Solr Connector was implemented using https://github.com/lucidworks/spark-solr. The Solr Connector just works on Solr Cloud. For all the options available for the connector check on this link.
To add Solr Almaren dependency to your sbt build:
libraryDependencies += "com.github.music-of-the-ainur" %% "solr-almaren" % "0.3.5-3.4"
To run in spark-shell:
spark-shell --master "local[*]" --packages "com.github.music-of-the-ainur:almaren-framework_2.12:0.9.10-3.4,com.github.music-of-the-ainur:solr-almaren_2.12:0.3.5-3.4"
Solr Connector is available in Maven Central repository.
version | Connector Artifact |
---|---|
Spark 3.4.x and scala 2.12 | com.github.music-of-the-ainur:solr-almaren_2.12:0.3.5-3.4 |
Spark 3.3.x and scala 2.12 | com.github.music-of-the-ainur:solr-almaren_2.12:0.3.5-3.3 |
Spark 3.2.x and scala 2.12 | com.github.music-of-the-ainur:solr-almaren_2.12:0.3.5-3.2 |
Spark 3.1.x and scala 2.12 | com.github.music-of-the-ainur:solr-almaren_2.12:0.3.5-3.1 |
Spark 2.4.x and scala 2.11 | com.github.music-of-the-ainur:solr-almaren_2.11:0.3.5-2.4 |
Parameters | Description |
---|---|
collection | collection name |
ZookeeperHost(zkhost) | localhost:9983 |
options | Description(Value) |
----------------------- | ------------------------------------------------------------------------------ |
query | limits the rows you want to load into Spark("body_t:solr") |
fields | specify a subset of fields("id,author_s,favorited_b") |
filters | to apply filters on the values in documents("firstName:Sam,lastName:Powell") |
rows | specify the number of rows to be displayed on the page(100) |
max_rows | Limits the result set to a maximum number of rows(5000) |
request_handler | Set the Solr request handler for queries("/export","/select") |
import com.github.music.of.the.ainur.almaren.Almaren
import com.github.music.of.the.ainur.almaren.solr.Solr.SolrImplicit
val almaren = Almaren("App Name")
almaren.builder.sourceSolr("collection","zkHost1:2181,zkHost2:2181",Map("field_names" -> "first_name,last_name","rows" -> 100))

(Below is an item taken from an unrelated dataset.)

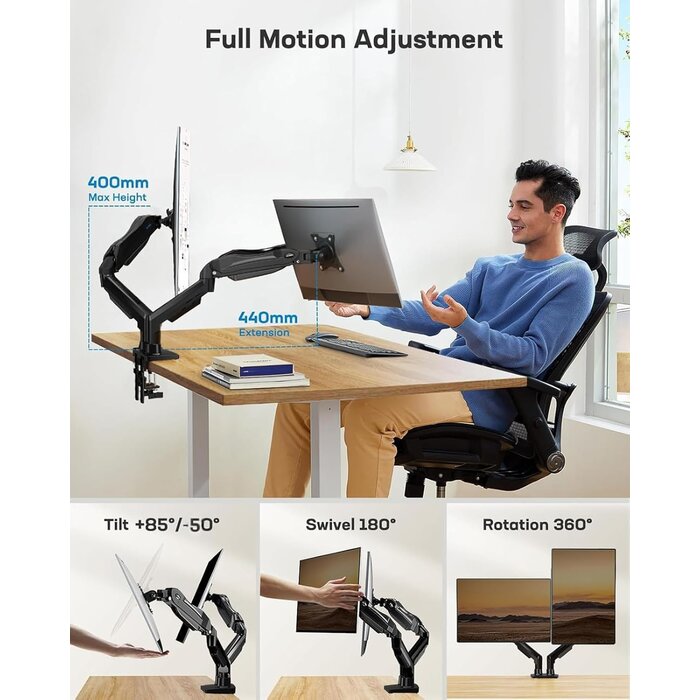 Support double moniteur réglable 13-32 pouces - Jusqu'à -42% de remise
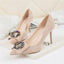 Brilliant Closed Toe High Heel Suede Prom Shoes With Rhinestones PS011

almaren.builder.targetSolr("collection","zkHost1:2181,zkHost2:2181",options)
Parameters | Description |
---|---|
collection | collection name |
ZookeeperHost(zkhost) | localhost:9983 |
Savemode | SaveMode.ErrorIfExists |
options | Description(Value) |
----------------------- | ---------------------------------------------------------------- |
soft_commit_secs | set soft_commit_sec(10 seconds) |
commit_within | force commit to happen after specified time(5000 milliSeconds) |
batch_size | number of documents sent in a HTTP call (1000) |
gen_uniq_key | generating unique key for each document(true) |
solr_field_types | specify field types for solr("rating:string,title:text_en") |
import com.github.music.of.the.ainur.almaren.solr.Solr.SolrImplicit
import com.github.music.of.the.ainur.almaren.builder.Core.Implicit
import com.github.music.of.the.ainur.almaren.Almaren
import org.apache.spark.sql.SaveMode
val almaren = Almaren("App Name")
almaren.builder
.sourceSql("""SELECT sha2(concat_ws("",array(*)),256) as id,*,current_timestamp from deputies""")
.coalesce(30)
.targetSolr("deputies","cloudera:2181,cloudera1:2181,cloudera2:2181/solr",Map("batch_size" -> "100000","commit_within" -> "10000"),SaveMode.Overwrite)
.batch